▶ _ACTIVITY_
In the entries below, the word "associated" appears on some lines. Copy each of those lines.

▶ _Collected data entries_
Content starts

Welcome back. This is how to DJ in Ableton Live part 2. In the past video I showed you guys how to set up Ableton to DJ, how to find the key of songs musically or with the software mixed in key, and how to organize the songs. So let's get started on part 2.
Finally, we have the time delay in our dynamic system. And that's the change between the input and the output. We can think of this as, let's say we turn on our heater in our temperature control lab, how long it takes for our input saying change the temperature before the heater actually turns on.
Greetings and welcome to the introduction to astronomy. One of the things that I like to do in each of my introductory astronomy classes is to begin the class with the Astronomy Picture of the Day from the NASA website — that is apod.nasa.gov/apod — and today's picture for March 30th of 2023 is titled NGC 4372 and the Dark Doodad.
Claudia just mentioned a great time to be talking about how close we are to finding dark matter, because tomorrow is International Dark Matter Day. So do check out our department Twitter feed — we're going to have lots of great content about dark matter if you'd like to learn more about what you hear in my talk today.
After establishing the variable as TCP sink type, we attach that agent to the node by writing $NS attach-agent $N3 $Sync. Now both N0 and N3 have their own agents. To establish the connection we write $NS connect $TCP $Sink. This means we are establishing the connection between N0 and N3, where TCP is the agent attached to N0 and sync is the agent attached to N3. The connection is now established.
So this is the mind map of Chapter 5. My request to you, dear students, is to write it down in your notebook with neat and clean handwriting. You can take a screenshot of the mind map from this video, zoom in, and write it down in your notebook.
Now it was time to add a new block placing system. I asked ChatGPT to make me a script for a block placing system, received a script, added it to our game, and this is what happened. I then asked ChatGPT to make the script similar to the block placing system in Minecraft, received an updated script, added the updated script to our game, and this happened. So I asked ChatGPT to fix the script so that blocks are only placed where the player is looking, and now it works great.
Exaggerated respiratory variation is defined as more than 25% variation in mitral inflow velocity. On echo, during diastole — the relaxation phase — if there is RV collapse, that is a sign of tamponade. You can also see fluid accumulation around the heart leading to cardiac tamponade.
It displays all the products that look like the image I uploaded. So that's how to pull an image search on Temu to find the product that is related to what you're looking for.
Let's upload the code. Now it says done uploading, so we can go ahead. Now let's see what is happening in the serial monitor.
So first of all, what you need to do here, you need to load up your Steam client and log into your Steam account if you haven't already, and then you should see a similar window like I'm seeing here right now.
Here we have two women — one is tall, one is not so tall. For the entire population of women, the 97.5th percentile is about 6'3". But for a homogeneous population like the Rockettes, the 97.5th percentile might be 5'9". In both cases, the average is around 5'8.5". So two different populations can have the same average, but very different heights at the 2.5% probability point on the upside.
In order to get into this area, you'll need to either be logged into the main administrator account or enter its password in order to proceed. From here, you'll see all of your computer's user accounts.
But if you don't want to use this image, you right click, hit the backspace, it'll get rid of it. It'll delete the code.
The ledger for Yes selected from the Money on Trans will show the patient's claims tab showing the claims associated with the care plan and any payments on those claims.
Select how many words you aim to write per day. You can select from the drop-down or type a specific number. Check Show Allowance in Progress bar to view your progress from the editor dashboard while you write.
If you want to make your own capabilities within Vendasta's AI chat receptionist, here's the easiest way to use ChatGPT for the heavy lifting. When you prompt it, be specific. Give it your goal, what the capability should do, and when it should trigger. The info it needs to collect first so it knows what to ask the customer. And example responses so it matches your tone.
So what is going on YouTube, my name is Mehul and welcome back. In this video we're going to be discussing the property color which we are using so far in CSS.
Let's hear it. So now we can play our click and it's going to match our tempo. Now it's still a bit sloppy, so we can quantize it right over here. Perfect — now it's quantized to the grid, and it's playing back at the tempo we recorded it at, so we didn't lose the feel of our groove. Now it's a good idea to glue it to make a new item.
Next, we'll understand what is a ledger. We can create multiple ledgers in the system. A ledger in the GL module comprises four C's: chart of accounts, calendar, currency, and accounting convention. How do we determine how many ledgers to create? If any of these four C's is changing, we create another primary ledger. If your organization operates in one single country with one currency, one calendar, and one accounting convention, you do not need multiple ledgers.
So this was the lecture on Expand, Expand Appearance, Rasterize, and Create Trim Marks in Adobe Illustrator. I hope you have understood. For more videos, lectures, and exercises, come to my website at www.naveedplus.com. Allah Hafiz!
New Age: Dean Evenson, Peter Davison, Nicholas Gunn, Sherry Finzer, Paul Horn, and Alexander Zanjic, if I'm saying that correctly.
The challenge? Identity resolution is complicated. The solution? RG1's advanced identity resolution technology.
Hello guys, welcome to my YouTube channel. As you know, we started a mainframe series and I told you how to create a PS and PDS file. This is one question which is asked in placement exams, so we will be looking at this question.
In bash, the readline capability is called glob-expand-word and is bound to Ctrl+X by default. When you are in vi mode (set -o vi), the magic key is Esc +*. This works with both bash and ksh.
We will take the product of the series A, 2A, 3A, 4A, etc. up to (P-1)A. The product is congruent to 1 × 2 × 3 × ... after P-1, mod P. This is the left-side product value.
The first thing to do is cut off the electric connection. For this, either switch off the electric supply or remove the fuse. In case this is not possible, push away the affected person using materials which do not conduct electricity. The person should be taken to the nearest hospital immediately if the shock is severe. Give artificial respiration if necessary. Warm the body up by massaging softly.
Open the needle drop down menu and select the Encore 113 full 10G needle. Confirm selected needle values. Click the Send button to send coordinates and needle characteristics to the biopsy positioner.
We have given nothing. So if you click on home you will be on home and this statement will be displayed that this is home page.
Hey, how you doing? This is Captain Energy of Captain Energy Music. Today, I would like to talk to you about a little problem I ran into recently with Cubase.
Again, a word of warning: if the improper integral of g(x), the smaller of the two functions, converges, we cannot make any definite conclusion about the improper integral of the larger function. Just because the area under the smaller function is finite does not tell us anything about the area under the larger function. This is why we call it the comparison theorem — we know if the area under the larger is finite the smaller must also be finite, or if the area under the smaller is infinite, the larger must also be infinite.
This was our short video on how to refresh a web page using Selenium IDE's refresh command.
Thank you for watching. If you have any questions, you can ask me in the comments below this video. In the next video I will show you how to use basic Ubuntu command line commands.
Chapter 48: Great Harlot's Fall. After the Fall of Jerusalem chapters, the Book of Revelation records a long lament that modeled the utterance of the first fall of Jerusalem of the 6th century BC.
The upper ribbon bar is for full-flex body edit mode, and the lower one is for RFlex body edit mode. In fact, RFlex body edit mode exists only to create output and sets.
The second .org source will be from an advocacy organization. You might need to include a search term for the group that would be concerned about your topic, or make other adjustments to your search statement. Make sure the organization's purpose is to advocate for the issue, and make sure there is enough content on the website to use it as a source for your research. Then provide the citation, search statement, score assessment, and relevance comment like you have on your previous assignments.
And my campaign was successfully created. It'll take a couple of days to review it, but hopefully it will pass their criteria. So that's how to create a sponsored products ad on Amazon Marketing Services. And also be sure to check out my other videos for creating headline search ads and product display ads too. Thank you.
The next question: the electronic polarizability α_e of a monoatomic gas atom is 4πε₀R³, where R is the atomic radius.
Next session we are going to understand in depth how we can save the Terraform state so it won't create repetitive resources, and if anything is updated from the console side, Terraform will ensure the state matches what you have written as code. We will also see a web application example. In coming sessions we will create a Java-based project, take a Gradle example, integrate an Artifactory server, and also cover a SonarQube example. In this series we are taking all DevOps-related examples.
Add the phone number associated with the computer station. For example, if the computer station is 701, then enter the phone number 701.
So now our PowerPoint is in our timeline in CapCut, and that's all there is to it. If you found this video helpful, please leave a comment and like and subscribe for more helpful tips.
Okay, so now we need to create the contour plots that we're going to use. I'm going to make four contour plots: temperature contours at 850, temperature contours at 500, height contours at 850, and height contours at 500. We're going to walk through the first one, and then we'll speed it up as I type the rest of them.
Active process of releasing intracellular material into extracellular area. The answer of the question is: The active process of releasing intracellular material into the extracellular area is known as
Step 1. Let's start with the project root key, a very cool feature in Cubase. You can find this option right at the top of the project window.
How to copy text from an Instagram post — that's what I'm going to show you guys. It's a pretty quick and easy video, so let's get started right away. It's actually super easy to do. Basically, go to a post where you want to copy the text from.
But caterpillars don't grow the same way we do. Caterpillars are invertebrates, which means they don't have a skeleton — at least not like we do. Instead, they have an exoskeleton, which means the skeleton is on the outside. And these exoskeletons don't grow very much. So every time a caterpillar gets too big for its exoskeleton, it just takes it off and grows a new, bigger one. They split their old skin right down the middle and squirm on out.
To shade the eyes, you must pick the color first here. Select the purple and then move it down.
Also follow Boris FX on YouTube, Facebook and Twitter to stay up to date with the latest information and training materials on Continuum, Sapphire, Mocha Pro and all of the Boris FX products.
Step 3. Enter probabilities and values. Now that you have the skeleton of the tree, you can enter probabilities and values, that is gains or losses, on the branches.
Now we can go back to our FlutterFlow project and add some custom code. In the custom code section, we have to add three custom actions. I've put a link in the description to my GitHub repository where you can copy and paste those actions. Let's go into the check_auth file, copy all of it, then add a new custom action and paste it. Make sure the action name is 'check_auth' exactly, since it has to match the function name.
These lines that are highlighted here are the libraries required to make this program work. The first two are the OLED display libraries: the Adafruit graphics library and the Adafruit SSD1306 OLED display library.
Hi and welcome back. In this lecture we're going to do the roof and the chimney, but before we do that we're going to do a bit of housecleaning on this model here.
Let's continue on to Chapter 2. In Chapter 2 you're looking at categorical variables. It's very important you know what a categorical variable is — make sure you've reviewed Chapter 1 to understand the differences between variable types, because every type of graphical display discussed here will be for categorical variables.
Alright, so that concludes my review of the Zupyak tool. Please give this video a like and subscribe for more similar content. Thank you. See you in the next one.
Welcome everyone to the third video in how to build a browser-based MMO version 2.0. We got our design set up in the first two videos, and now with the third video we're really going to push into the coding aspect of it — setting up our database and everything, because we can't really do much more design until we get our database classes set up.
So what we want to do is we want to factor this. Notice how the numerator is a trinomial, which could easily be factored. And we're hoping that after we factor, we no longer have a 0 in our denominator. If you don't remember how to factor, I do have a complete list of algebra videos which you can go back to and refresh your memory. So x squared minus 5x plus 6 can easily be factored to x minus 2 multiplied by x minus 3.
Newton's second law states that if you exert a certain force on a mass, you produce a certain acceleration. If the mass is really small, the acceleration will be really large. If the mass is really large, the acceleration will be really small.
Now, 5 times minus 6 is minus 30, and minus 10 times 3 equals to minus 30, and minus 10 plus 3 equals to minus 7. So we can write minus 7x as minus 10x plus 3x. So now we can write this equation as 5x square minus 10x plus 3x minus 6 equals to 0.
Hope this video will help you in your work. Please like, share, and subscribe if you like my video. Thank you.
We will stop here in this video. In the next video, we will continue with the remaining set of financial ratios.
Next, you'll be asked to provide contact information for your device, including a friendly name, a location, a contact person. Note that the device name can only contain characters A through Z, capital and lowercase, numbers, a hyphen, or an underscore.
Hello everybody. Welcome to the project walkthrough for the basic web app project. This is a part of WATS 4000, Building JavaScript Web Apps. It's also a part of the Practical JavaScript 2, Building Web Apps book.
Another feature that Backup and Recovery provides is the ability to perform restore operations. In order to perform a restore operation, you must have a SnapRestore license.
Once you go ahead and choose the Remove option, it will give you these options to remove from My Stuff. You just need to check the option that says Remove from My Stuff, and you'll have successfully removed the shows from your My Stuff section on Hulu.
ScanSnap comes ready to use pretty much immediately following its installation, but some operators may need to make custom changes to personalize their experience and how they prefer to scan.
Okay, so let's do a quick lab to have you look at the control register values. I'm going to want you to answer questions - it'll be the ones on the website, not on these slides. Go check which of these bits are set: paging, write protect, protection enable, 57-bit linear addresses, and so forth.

Content ends

▶ _RESULT OF THE EXERCISE_
The ledger for Yes selected from the Money on Trans will show the patient's claims tab showing the claims associated with the care plan and any payments on those claims.
Add the phone number associated with the computer station. For example, if the computer station is 701, then enter the phone number 701.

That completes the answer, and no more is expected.